What is SBS?
Can we prevent it?
by Staff 7.10.2007
We believe we can.
SBS prevention initiatives in North America have been around for several years. They are initiated by professionals, politicians and parents or grandparents of victims. SBS has been the focus of countless news stories and many child abuse networks. For years the focus has been on creating awareness for shaken baby syndrome by highlighting the horrendous price that is paid by the victims, their families and the perpetrators. So far this method alone does not seem to be decreasing the incidence rates; however, there are two current programs that may assist with change.
Since 1998, Dr. Mark Dias has implemented a hospital-based intervention in western New York State. His model has utilized a hospital teaching environment for the following stated reasons:
1) Parents have the highest risk of becoming SBS perpetrators.
2) Infants have the highest risk of being SBS victims during the first few months of life.
3) Childbirth provides universal contact between parents and medical staff.
4) Parents educated with practical information are likely to share it with others.

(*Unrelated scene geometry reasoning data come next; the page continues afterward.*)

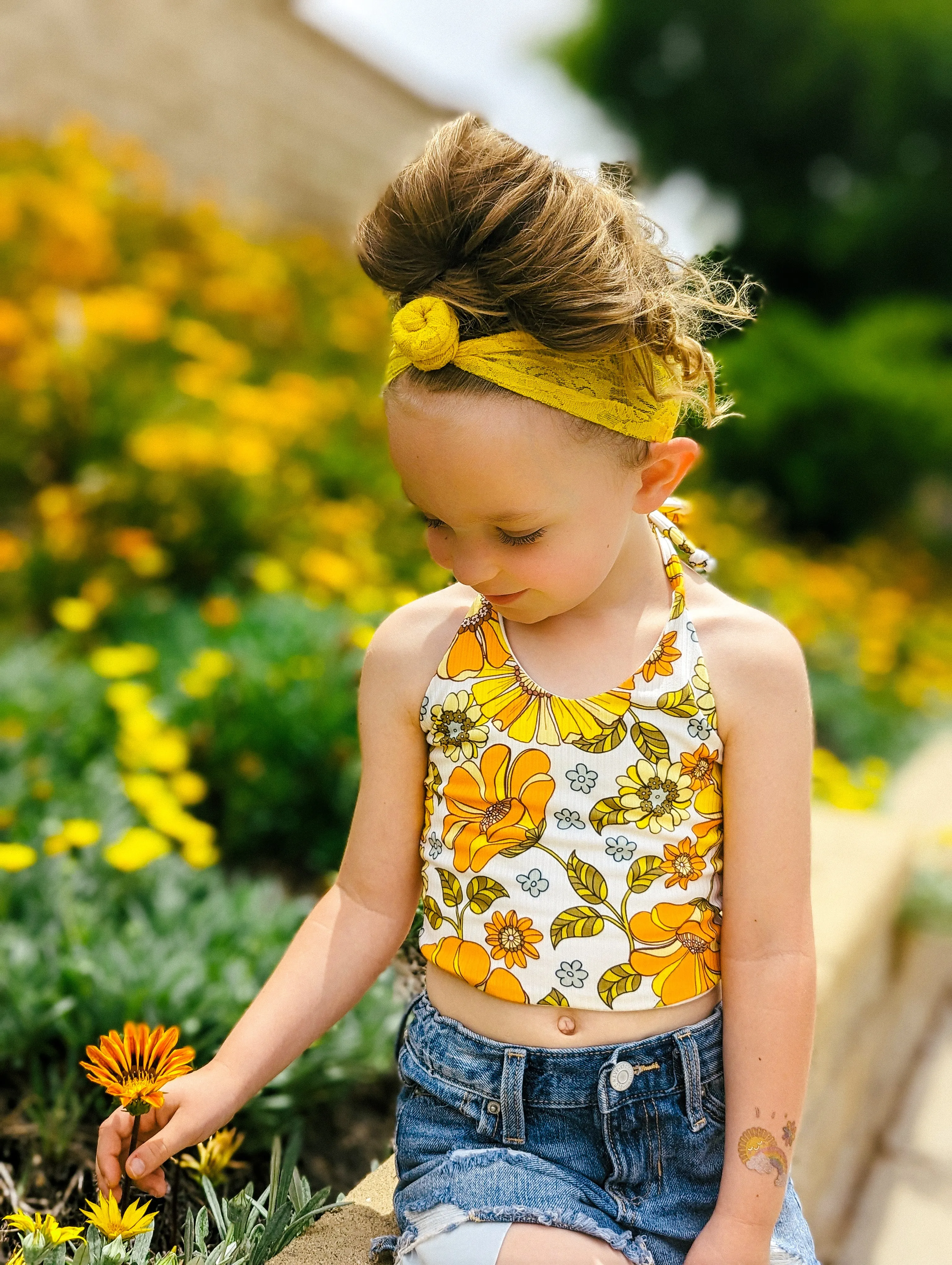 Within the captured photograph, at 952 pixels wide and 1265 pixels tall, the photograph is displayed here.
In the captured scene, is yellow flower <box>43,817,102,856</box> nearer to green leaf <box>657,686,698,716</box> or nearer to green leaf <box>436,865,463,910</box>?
green leaf <box>436,865,463,910</box>

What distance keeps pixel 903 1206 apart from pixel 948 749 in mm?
2128

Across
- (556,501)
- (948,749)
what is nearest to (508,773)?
(556,501)

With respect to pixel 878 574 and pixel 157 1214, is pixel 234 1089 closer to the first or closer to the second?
pixel 157 1214

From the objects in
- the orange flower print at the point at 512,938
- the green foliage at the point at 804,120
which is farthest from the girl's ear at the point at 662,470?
the green foliage at the point at 804,120

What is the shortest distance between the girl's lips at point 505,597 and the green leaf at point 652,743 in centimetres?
19

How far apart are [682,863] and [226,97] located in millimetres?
8797

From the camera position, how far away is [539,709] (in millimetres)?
1212

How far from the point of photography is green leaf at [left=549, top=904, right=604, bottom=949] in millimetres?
1183

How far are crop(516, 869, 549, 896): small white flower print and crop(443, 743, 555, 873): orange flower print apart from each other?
0.03 meters

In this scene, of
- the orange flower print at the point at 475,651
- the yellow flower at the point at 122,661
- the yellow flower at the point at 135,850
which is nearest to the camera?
the orange flower print at the point at 475,651

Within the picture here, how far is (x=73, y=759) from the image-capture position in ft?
8.50

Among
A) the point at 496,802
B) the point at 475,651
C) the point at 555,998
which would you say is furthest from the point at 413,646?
the point at 555,998

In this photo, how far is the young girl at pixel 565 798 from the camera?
1.07m

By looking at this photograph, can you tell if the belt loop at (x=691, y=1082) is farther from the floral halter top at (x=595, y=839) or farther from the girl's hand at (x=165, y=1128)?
the girl's hand at (x=165, y=1128) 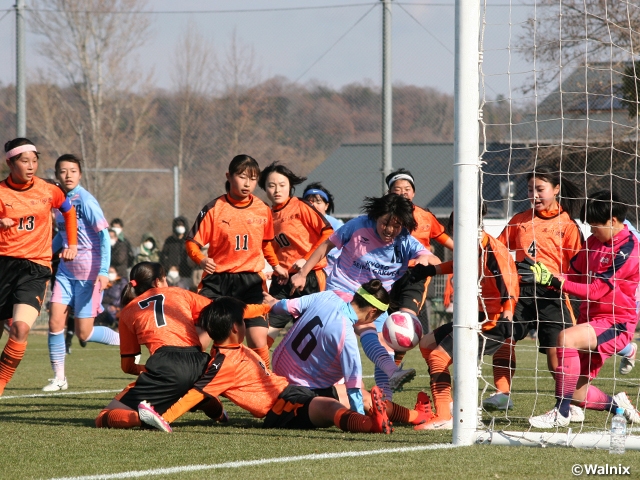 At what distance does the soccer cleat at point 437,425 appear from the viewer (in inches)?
208

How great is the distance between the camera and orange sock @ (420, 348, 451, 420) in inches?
Answer: 215

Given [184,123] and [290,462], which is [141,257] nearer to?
[184,123]

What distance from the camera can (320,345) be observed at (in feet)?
17.5

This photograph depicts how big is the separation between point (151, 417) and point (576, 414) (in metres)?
2.87

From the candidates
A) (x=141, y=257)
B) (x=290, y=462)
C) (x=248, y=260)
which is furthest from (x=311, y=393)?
(x=141, y=257)

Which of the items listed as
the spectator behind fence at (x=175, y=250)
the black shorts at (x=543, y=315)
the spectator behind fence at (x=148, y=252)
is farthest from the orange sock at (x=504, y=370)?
the spectator behind fence at (x=148, y=252)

5) Research on adult learning suggests that adults are more open to information when it gives them coping tips for life-changing events.

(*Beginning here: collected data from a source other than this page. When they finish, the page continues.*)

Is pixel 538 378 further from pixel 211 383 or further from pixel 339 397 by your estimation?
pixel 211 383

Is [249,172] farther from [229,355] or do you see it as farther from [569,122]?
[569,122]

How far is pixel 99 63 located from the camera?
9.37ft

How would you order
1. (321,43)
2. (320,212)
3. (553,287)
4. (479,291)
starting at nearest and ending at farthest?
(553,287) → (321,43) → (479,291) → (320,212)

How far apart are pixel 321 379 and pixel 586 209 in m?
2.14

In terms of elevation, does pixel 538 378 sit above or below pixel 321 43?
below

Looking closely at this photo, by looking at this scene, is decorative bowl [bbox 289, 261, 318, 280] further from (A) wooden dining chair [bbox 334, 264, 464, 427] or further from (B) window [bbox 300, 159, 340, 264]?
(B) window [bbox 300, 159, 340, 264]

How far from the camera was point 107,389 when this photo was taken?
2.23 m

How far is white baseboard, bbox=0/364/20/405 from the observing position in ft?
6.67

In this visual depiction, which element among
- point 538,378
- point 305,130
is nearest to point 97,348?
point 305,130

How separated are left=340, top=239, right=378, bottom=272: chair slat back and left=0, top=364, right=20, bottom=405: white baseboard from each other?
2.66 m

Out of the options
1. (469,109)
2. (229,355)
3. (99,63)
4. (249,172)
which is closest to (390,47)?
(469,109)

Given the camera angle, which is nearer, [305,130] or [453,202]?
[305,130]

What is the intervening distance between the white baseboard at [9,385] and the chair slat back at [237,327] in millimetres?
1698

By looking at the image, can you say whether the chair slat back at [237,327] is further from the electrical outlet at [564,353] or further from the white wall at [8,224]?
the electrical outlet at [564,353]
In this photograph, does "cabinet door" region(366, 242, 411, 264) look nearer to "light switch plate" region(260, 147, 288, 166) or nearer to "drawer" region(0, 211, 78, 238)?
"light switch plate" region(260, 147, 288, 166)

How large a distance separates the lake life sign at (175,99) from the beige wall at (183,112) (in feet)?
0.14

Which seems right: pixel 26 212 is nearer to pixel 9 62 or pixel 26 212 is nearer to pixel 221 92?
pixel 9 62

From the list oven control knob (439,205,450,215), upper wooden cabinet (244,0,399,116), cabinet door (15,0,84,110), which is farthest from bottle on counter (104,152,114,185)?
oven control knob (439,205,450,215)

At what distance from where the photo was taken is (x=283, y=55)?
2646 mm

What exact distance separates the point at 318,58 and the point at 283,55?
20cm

Dr. Dias developed a process (steps, not content) model that includes parents receiving a pamphlet on shaken baby syndrome, viewing a film (in this case Portrait of Promise), having nurses suggest ways to handle persistent infant crying and signing a commitment statement. Dr. Dias reported that his project reached 69% of all mothers on the hospital wards and a 47% decrease in SBS incidence was achieved in the area. (Dias et al 2005). We know from other projects that maternity nurses are sometimes hesitant to show films like the one above to new parents, because of its graphic nature. The new prevention initiative by our program hopes to improve on this by implementing the Period of PURPLE Crying educational materials.
Prevent Shaken Baby Syndrome BC is implementing a maternity and public health based prevention program utilizing the empirically tested Period of PURPLE Crying educational materials. These materials have been co-authored by Ronald G. Barr, MDCM FRCPC and The National Center on Shaken Baby Syndrome in Utah, USA. This program focuses on infant crying, especially inconsolable crying and its connection to shaken baby syndrome using a child development model.
The materials address three basic concepts:
1) The new evidence that early infant crying and even colic is a normal part of infant development;
2) The frustration over early infant crying is the most common trigger for shaking an infant or child; and
3) Shaking an infant or child is very dangerous.
The Period of PURPLE Crying delivers its message through two methods: an 11-page booklet sub-titled "Did you know your infant would cry like this?" and a 10-minute DVD.
• are attractive to parents of newborns on the first day of life;
• provide a clear, memorable, meaningful, attractive and positive message;
• provide information at a grade 3 level;
• are multicultural - currently translated into French (Quebecois), Punjabi, Spanish (Mexican) Cantonese, Korean, Vietnamese, Japanese, Portuguese (Brazilian) and Somali;
• are educational and valuable to and for parents; and
• are economical so that each parent receives a copy to take home to review and share with others caring for their infant.
Implementation for this program will deliver the information in three doses: maternity services, midwifery clinics, public health units and through a public education campaign.
We believe that in order to achieve a long term sustained reduction in the number of SBS cases, there must be a cultural change in the way society understands the meaning of increased crying in early infancy and the danger of shaking in response to the frustration to that crying.